- Recorded data
________________________________________
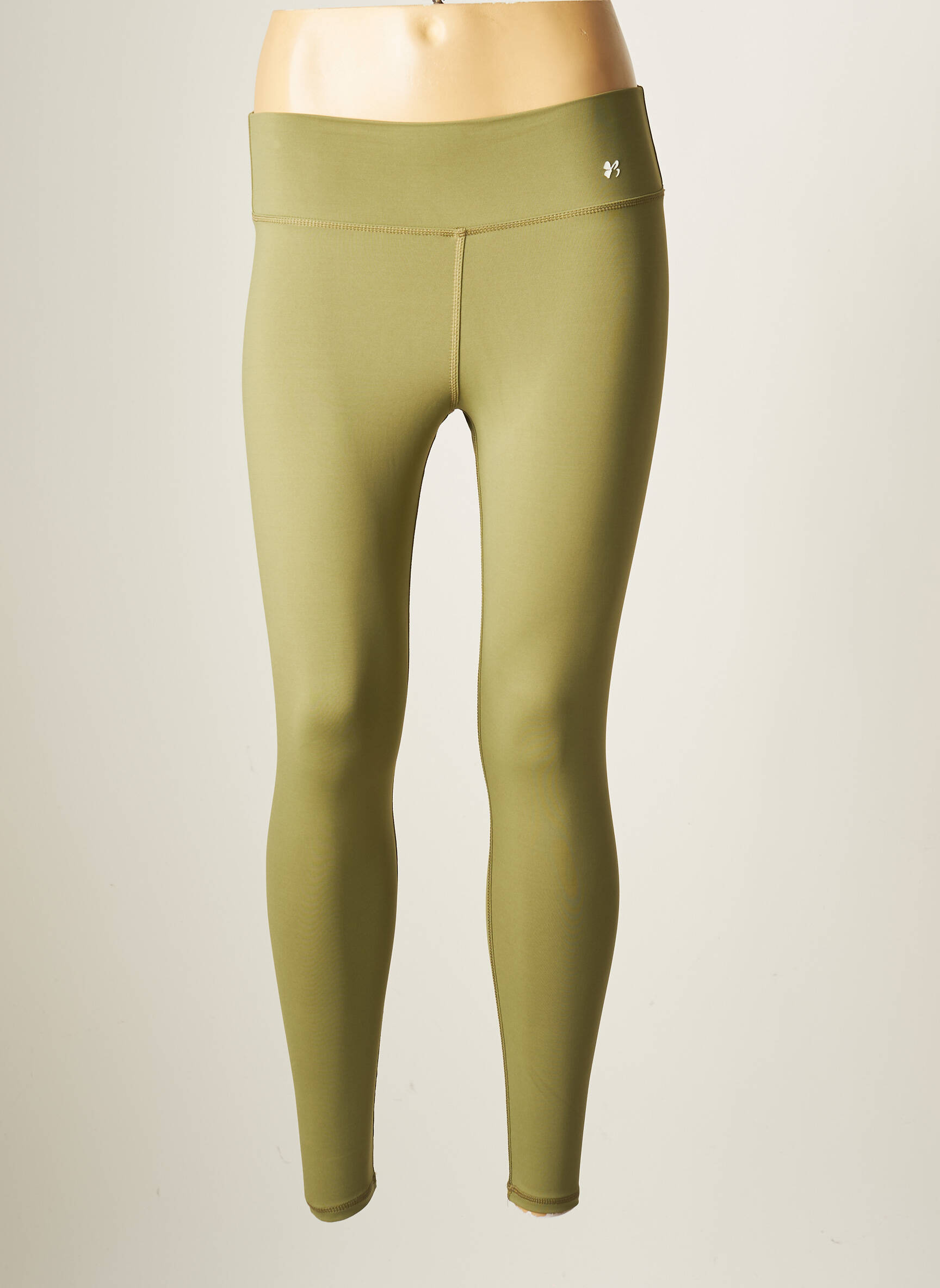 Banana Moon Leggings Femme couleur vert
________________________________________
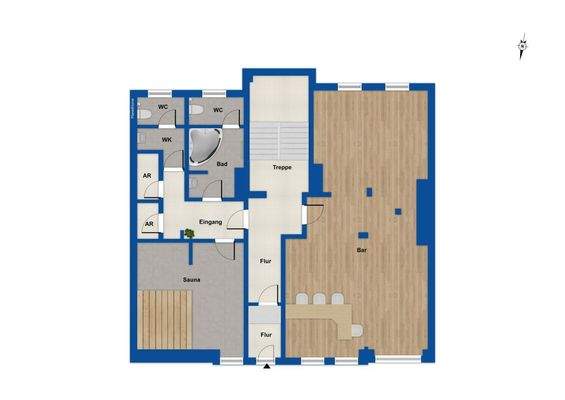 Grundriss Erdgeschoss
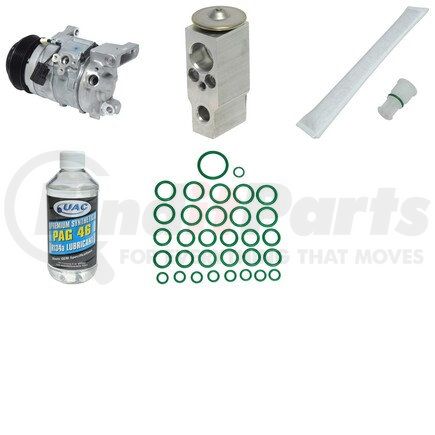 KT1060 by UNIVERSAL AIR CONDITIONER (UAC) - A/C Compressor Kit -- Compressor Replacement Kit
________________________________________
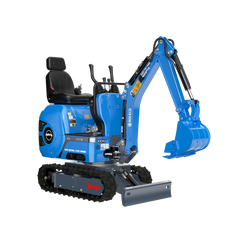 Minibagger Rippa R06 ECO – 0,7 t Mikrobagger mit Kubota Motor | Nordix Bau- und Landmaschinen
________________________________________
- What is required
From the data above, return only the lines starting at the line that holds "Grundriss Erdgeschoss" and ending at the line that holds "KT1060 by UNIVERSAL", word for word and without pictures.

- Answer to this exercise
 Grundriss Erdgeschoss
 KT1060 by UNIVERSAL AIR CONDITIONER (UAC) - A/C Compressor Kit -- Compressor Replacement Kit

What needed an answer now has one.